_Task instructions_
Copy the records below exactly as they stand. Leave out the pictures.

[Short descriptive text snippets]
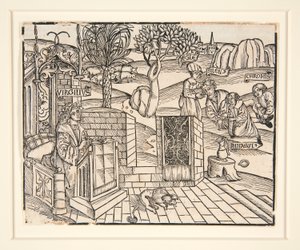Hyrderne Chromis og Mnasyle, der binder den sovende Silenus. 1502. Fra en illustreret udgivelse af Virgil af Unknown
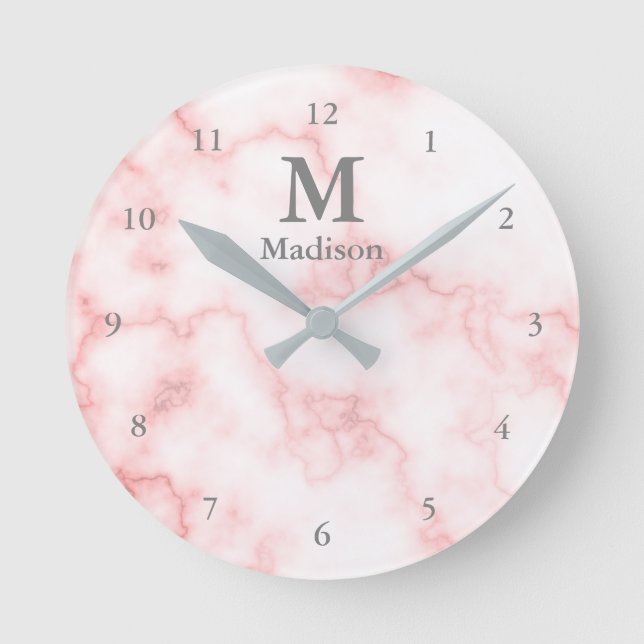 Elegant Faux Pink Marble Grey Name & Monogram Round Clock (Front)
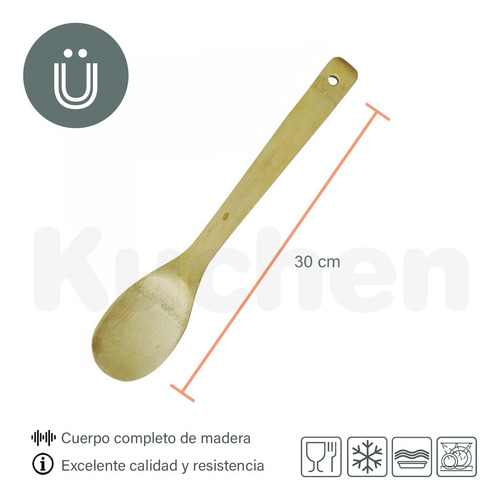 Imagen 2 de 9 de Cuchara De Madera Para Cocina Utensilios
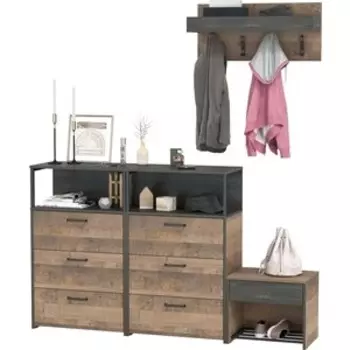 Прихожая Моби Трувор 160, цвет дуб гранж песочный/интра, универсальная сборка (1025726)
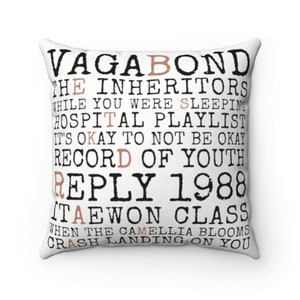 BEST K DRAMA® Pillow | K DRAMA Typography® Pillow | K Drama Pillow | Korean Drama Pillow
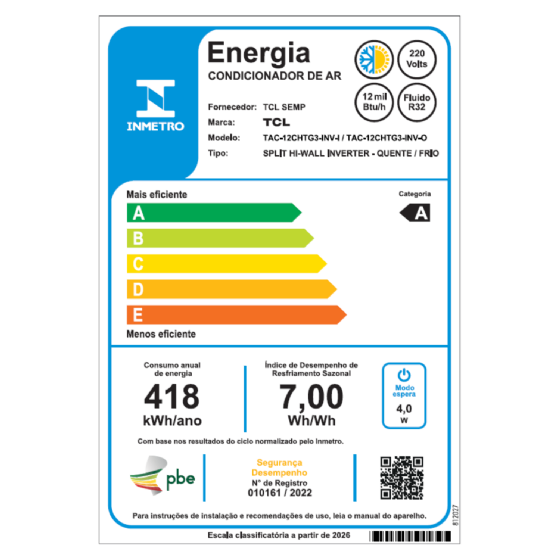 Ar Condicionado Split Inverter TCL BreezeIN AI 12000 BTUs Quente e Frio 220V TAC-12CHTG3-INV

_Answer section_
Hyrderne Chromis og Mnasyle, der binder den sovende Silenus. 1502. Fra en illustreret udgivelse af Virgil af Unknown
 Elegant Faux Pink Marble Grey Name & Monogram Round Clock (Front)
 Imagen 2 de 9 de Cuchara De Madera Para Cocina Utensilios
 Прихожая Моби Трувор 160, цвет дуб гранж песочный/интра, универсальная сборка (1025726)
 BEST K DRAMA® Pillow | K DRAMA Typography® Pillow | K Drama Pillow | Korean Drama Pillow
 Ar Condicionado Split Inverter TCL BreezeIN AI 12000 BTUs Quente e Frio 220V TAC-12CHTG3-INV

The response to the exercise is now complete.